Mr Aitchison of Drummore was represented as being indignant that John Drummond, one of a family which he had befriended, presumed to canvass against him in the Leith district in behalf of John Archibald Murray. This being communicated to Drummond, he defended the course his brother had taken, in the following letter:

"COUNCIL OFFICE, WHITEHALL, Sept. 14, 1832.

"To William Aitchison, Esq.

"MY DEAR SIR,-Having, after twelve months' severe and anxious toil, brought our labours to a close, I have transmitted to Scotland a copy of our Reports on the Boundaries of the Boroughs of England and Wales, which I request you will do me the favour to accept.

'I send these volumes to you, not with any reference to their political nature, but as I have sent my former papers, as marks of respect and regard for my early friend and benefactor.

"It is but right, however, that I should take the same opportunity of adverting to a circumstance of a less agreeable nature, and one which has occasioned me considerable pain.

"I have heard that the part which my brother has taken with respect to Mr Murray's election has occasioned you much surprise, and that you have expressed much dissatisfaction, perhaps I might say indignation, at his conduct. I sincerely hope, indeed I firmly believe, that this is a very incorrect or a very exaggerated statement.

"I am well aware that any assistance which my brother can render Mr Murray must be of very small amount, and that it is to the disposition evinced by the act that your observations have been directed, if indeed any such have been made. In common justice to him, therefore, and in some measure to myself, I would solicit your attention to a very few observations.

"I am well aware that the political opinions either of my brother or of myself must be a matter of perfect indifference to you; nor would I allude to them at all, but that I cannot help feeling that you are disposed to attribute less influence to such opinions than they usually possess-and, as it appears to me, they ought to possess-over the mind and actions of any man who has sufficient judgment to be able to form an opinion at all, and sufficient honesty and firmness to act according to it.

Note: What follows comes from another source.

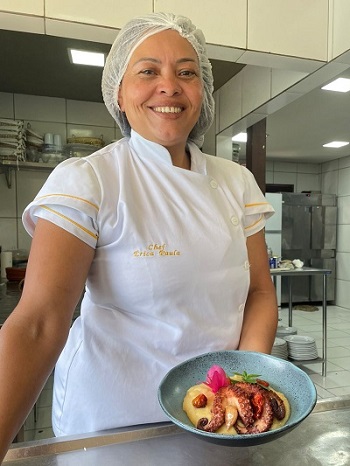 A maranhense Érica Paula é chef de cozinha do restaurante Okarú - Foto: Leo Castro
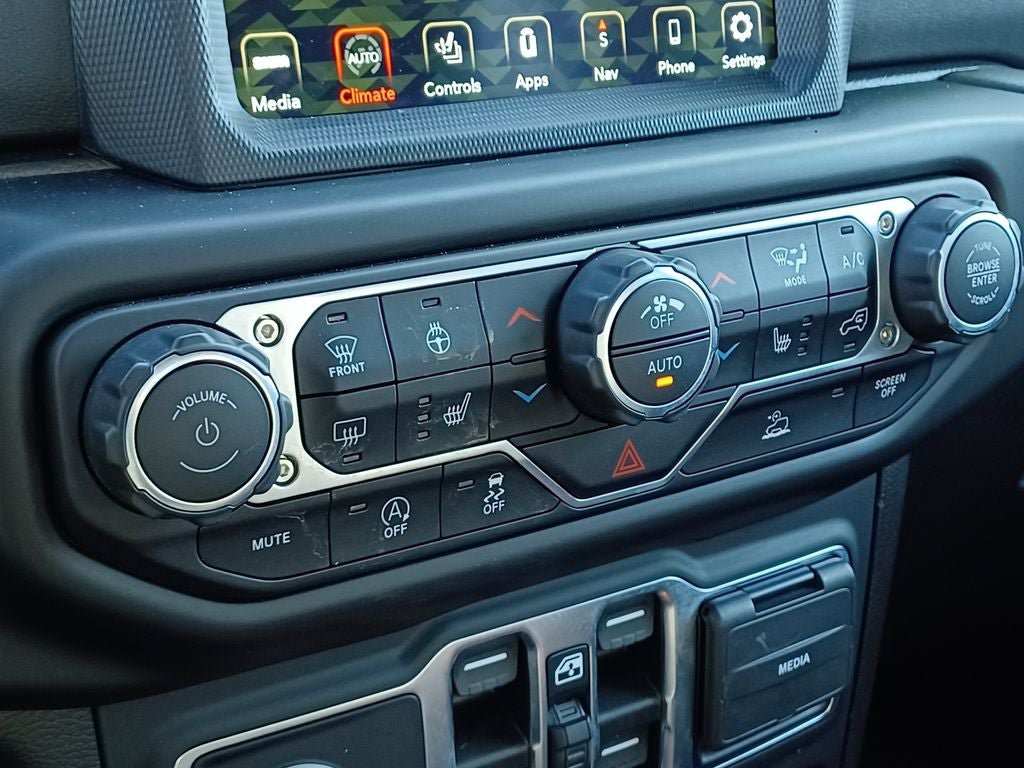 Used 2021 Jeep Gladiator 80th Anniversary AWD/4WD image 25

You will, I trust, pardon me for saying that the consequence is, you are, perhaps, apt to suppose that disrespect and ingratitude are manifested in that conduct, which is the result of very different and much more worthy motives.

"The opinions which we hold were not taken up yesterday or to-day; they were constantly avowed, so far as is possible to men who hold no public situations-that is, by discussion with their friends and associates; and they were held, too, when they were not the road either to favour or preferment. If they have brought us into connection with men who have ever been the consistent and powerful advocates of such opinions, I think we are bound, in common with every individual who entertains the same opinions, to use our utmost exertions, however feeble these may be, in favour of such men-even if, by so doing, we should have the misfortune to be brought into opposition-I do not say into collision, for I hope and trust that is not necessary-with those with whom we are connected by the dearest ties of relationship or of friendship.

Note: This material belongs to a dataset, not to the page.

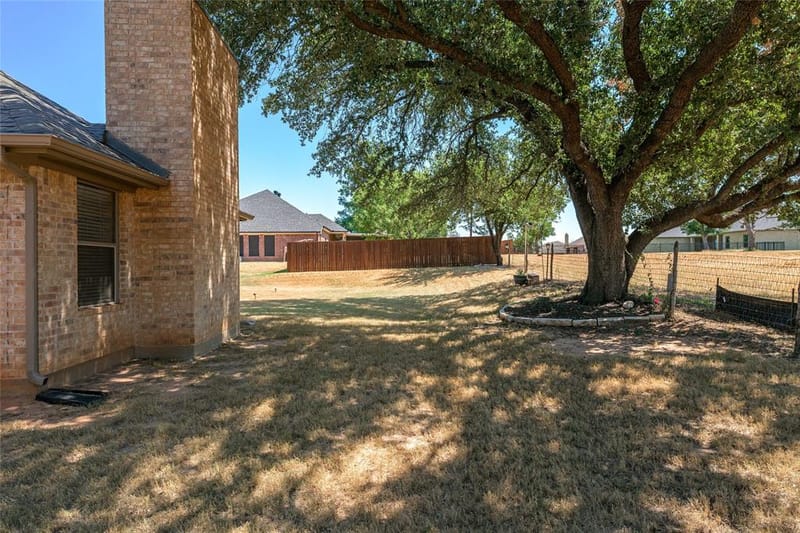 6909 Westover Drive, Granbury TX 76049 - Photo 35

"Mr Murray and myself were engaged last winter in the same political work; we met nearly every day; and, warmly attached as I am to the principles of which he has long been a strenuous supporter, I could not, without forfeiting every feeling of self-respect, hesitate to render, if required, my zealous though feeble assistance to promote his return to Parliament,

in opposition to any man of contrary opinions, even if that man should unfortunately prove to be my nearest relative, or my most intimate friend. The same considerations had necessarily the same influence over my brother.

"I am not ignorant that the firm adherence to opinions may sometimes require many a painful sacrifice, and lead to many a painful separation between relatives and friends; but this, I trust, can only happen when there are any who are resolved not to discriminate between the obligations resulting from the relations of society, and those which, in the discharge of a political right, are imposed by an honourable and consistent maintenance of conscientious opinion. Fortunately, instances of such discrimination, alike honourable to both parties, are not rare; and, indeed, among my own relations, I see a complete division of a family in political subjects, without any interruption of the duties or the pleasures of family intercourse.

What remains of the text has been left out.